Improve torch.cuda.amp type hints (#108630)
Fixes #108629
1. Add the following to their modules' `__all__` so that pyright considers them to be publicly exported:
* [`torch.autocast`](https://pytorch.org/docs/stable/amp.html#torch.autocast)
* [`torch.cuda.amp.GradScaler`](https://pytorch.org/docs/stable/amp.html#torch.cuda.amp.GradScaler)
* [`torch.cuda.amp.autocast`](https://pytorch.org/docs/stable/amp.html#torch.cuda.amp.autocast)
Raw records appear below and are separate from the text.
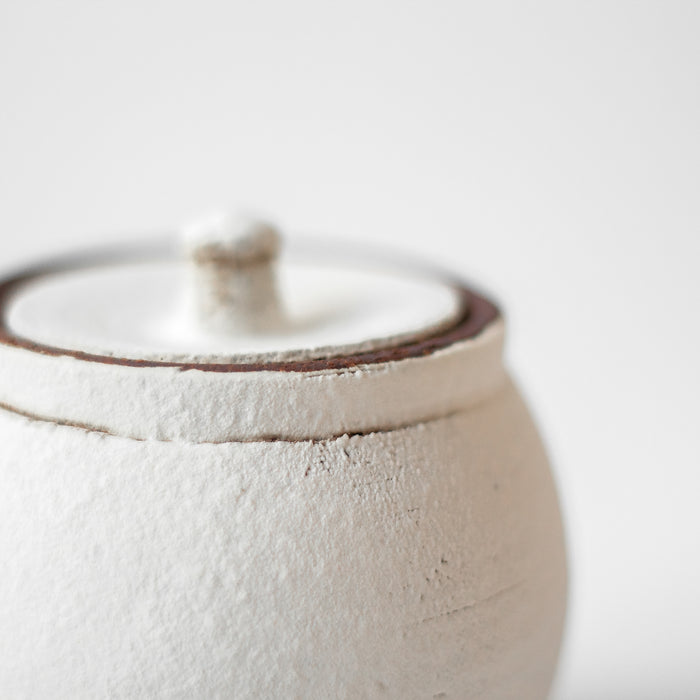 Hechimon Shio-Tsubo Salt Pot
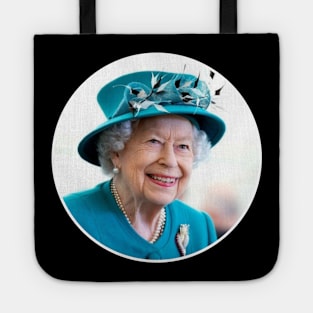 Queen Elizabeth Smile Tote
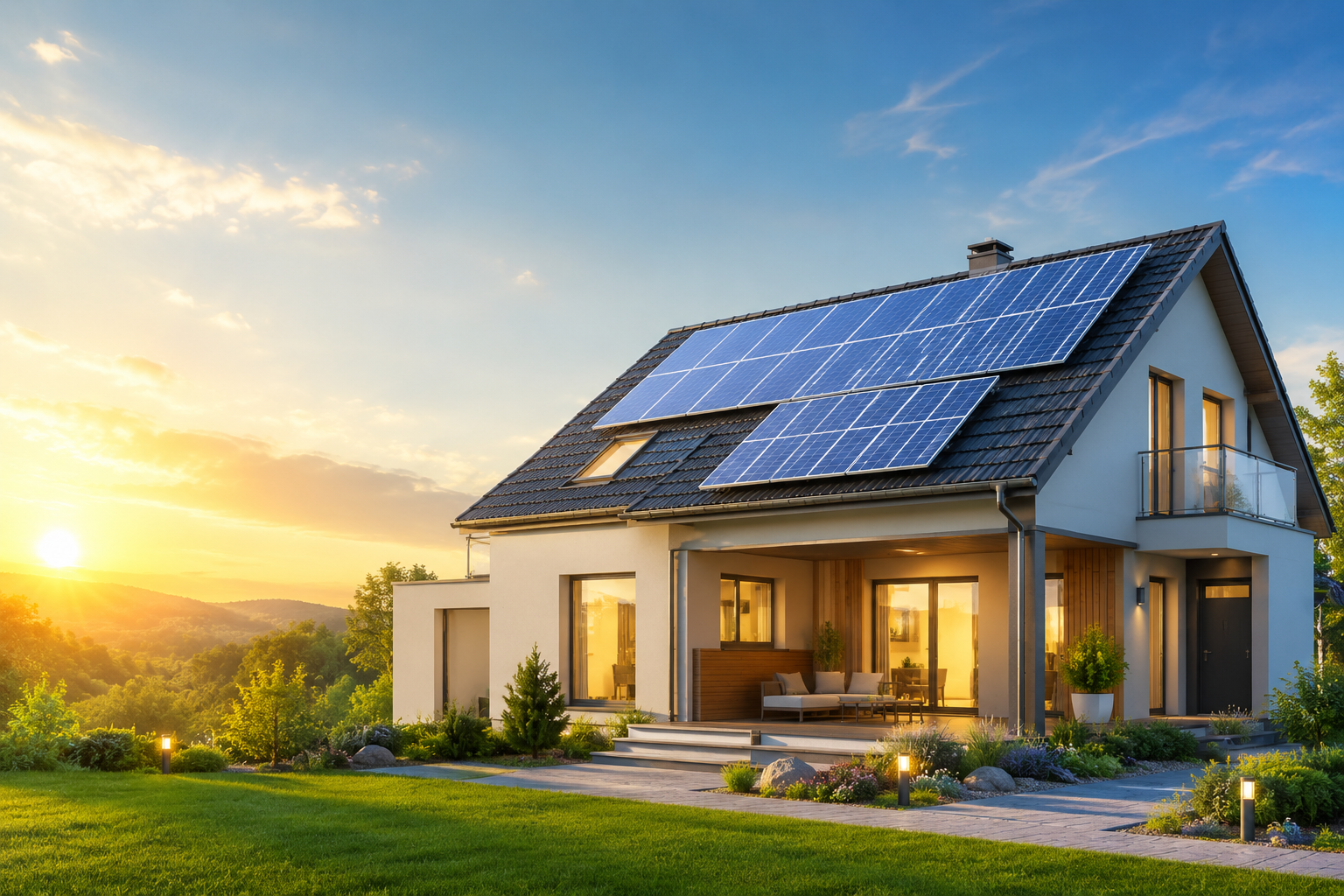 Professional Residential Energy Solutions in Uttar Pradesh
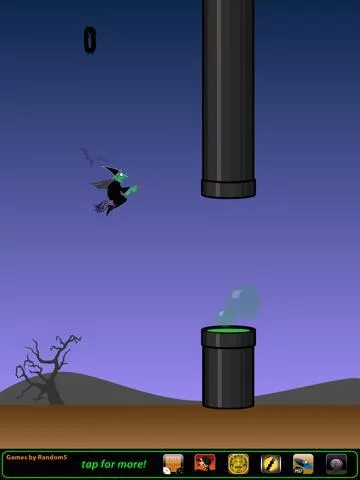 Изображение игры: Witchy Witch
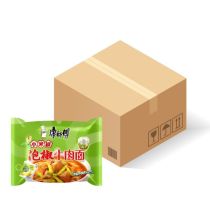 [CASE] KSF Instant Noodles Pickled Chilli&Beef 103g x 24  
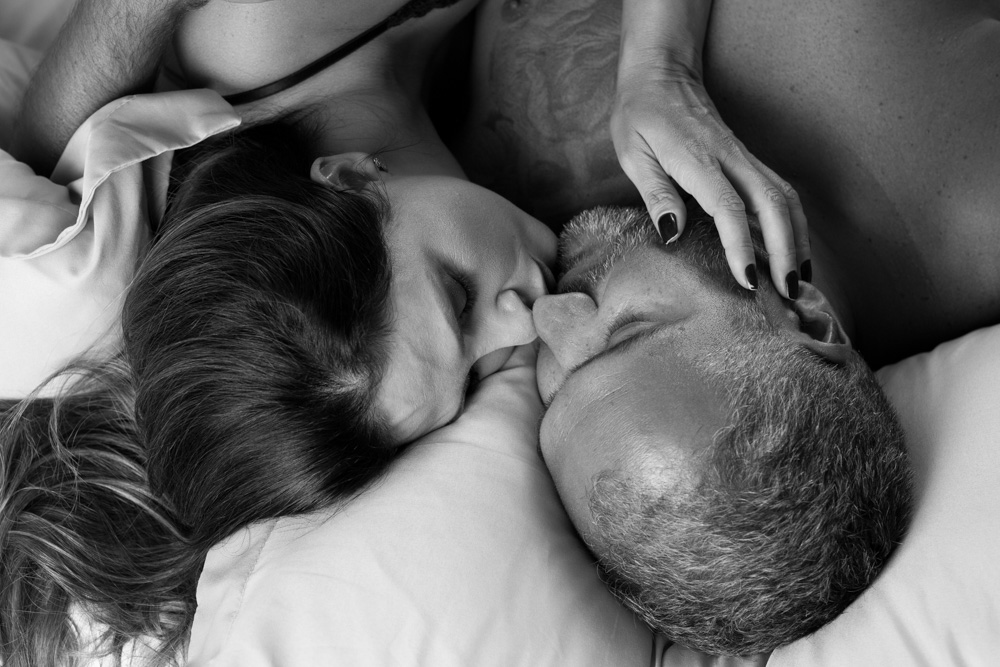 Ensaio Fotográfico Casal Boudoir - casal 8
* [`torch.cuda.amp.custom_fwd`](https://pytorch.org/docs/stable/amp.html#torch.cuda.amp.custom_fwd)
* [`torch.cuda.amp.custom_bwd`](https://pytorch.org/docs/stable/amp.html#torch.cuda.amp.custom_bwd)
2. Add `overload`s for `torch.cuda.amp.GradScaler.scale` to differentiate when a `torch.Tensor` is returned vs. an `Iterable[torch.Tensor]` is returned based on the type of the `outputs` parameter.
Pull Request resolved: https://github.com/pytorch/pytorch/pull/108630
Approved by: https://github.com/ezyang